Als de gemeente op straat gedumpt vuil minder vaak opruimt, dan reageren bewoners door nog meer vuil op straat te dumpen. Dit blijkt uit een langlopend experiment in een woonwijk in Rotterdam-Zuid. Het onderzoek werd uitgevoerd in een samenwerking tussen de Gemeente Rotterdam, de Erasmus Universiteit Rotterdam en Tilburg University. De resultaten zijn deze maand ‘online first’ verschenen in het wetenschappelijke tijdschrift Environment and Behavior.
Drie maanden lang ruimden de gemeentelijke diensten huisvuilzakken, grofvuil en zwerfvuil rond gezamenlijke afvalcontainers minder vaak op in een deel van de wijk. In plaats van een dagelijkse schoonmaak reden de diensten nog maar twee tot drie keer per week langs. De hoop was dat bewoners na verloop van tijd hun leefomgeving minder zouden vervuilen.
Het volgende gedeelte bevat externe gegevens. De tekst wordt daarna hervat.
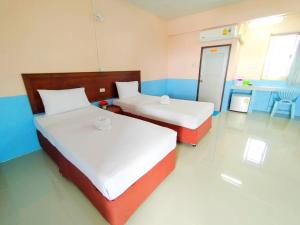 מיטה או מיטות בחדר ב-Station Hotel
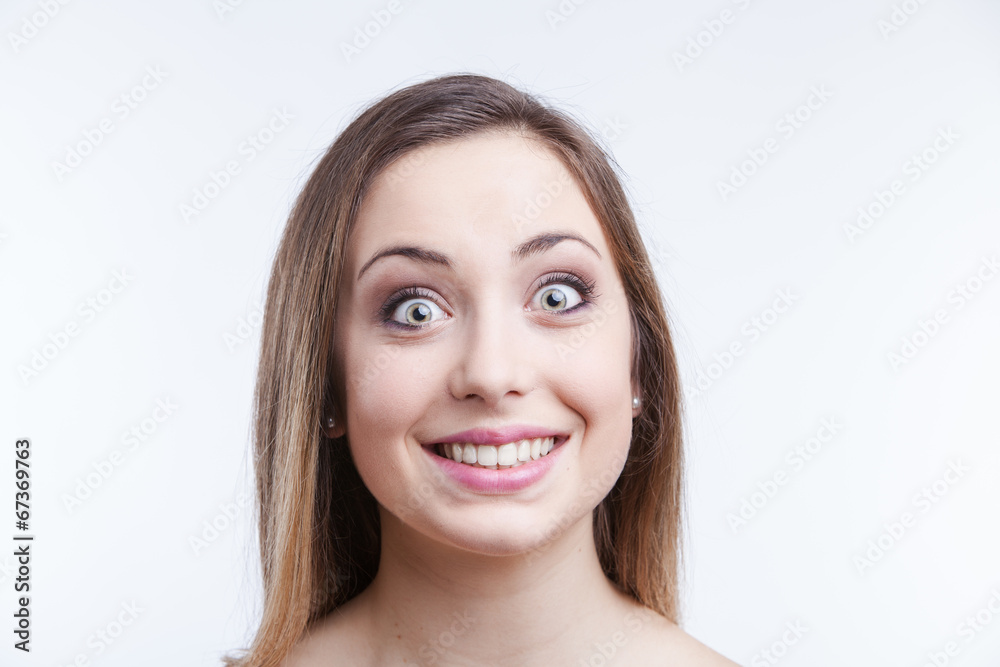 Fototapeta premium Young woman looking surprised. white background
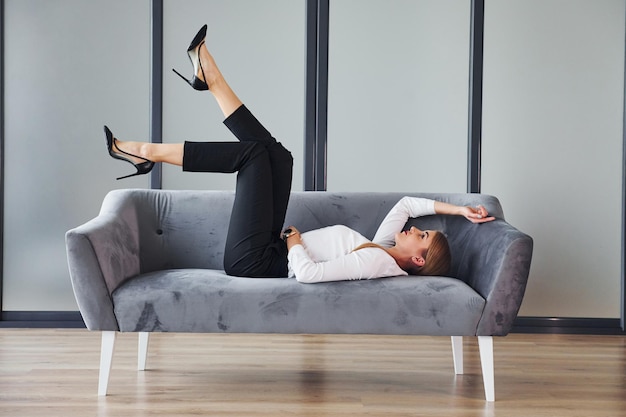 Young woman in formal clothes is indoors on the sofa at daytime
Ze konden er immers niet meer op rekenen dat hun vuil binnen 24 uur door de gemeente werd verwijderd. De realiteit was dat de neiging tot vuil dumpen met 75 procent toenam vergeleken met het deel van de wijk waar de frequente schoonmaak gehandhaafd bleef.
Het experiment toetst een vraag waar veel gemeenten mee worstelen. Veel gemeenten maken de straten frequent schoon uit de overtuiging dat vuil op straat nieuw vuil aantrekt. Maar frequent schoonmaken kan ook een uitnodiging vormen voor bewoners om niet langer zelf de straat schoon te houden. Als dat waar is, dan komt door frequent schoonmaken de verantwoordelijkheid voor een schone straat meer bij de overheid en minder bij de burger te liggen.
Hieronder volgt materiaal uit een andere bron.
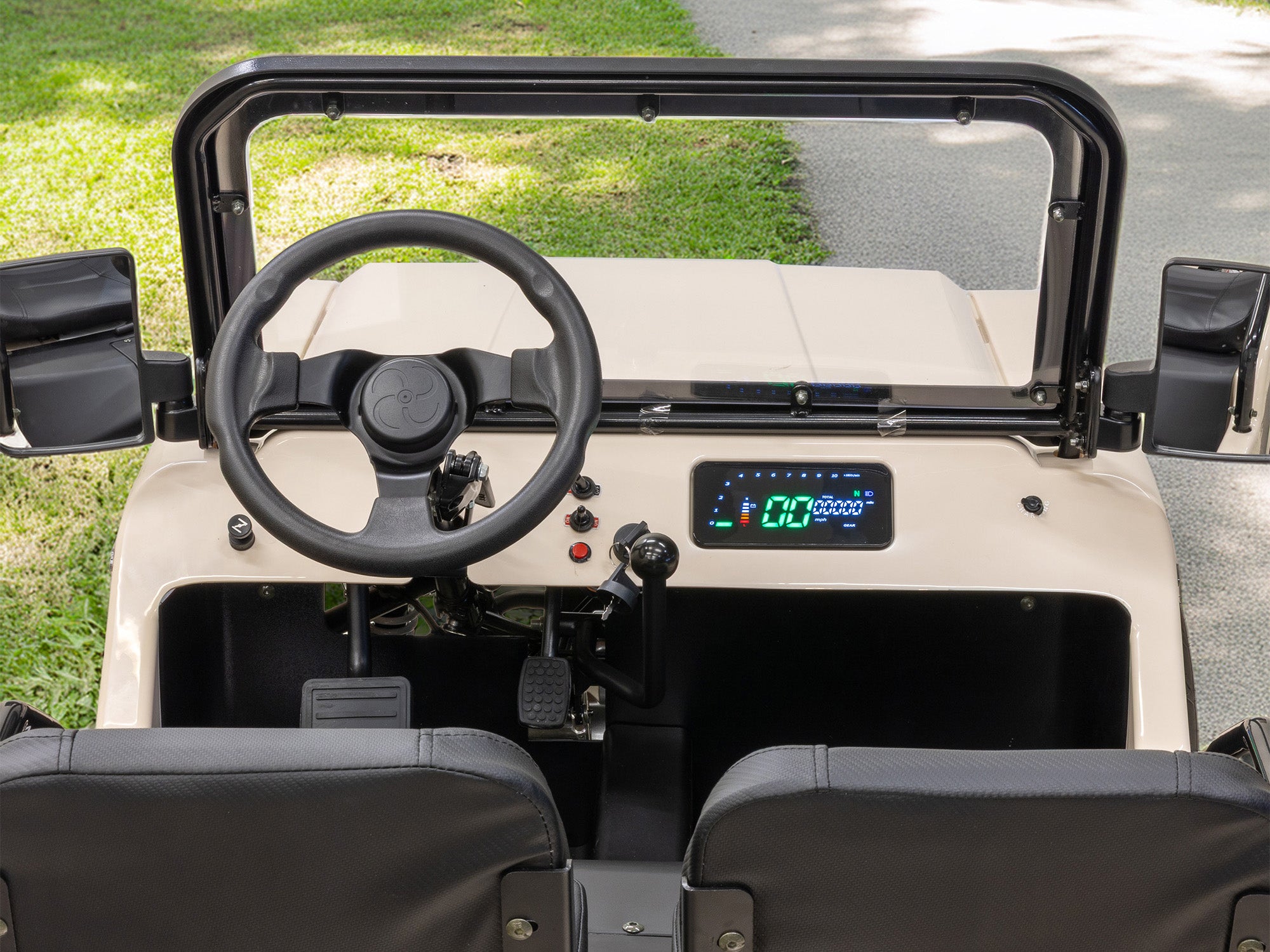 The Mini Truck's steering wheel, digital instrument display and gear lever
Het Rotterdamse experiment laat zien dat als de overheid vaak schoonmaakt, burgers de straat ook schoner houden door minder te dumpen. In eerder onderzoek was zo’n ‘schoon blijft schoon’ en ‘vuil trekt vuil aan’ effect al aangetoond in parkeergarages, pretparken en winkelcentra. Het is voor het eerst dat het effect in de eigen woonomgeving van mensen en op de langere termijn is onderzocht.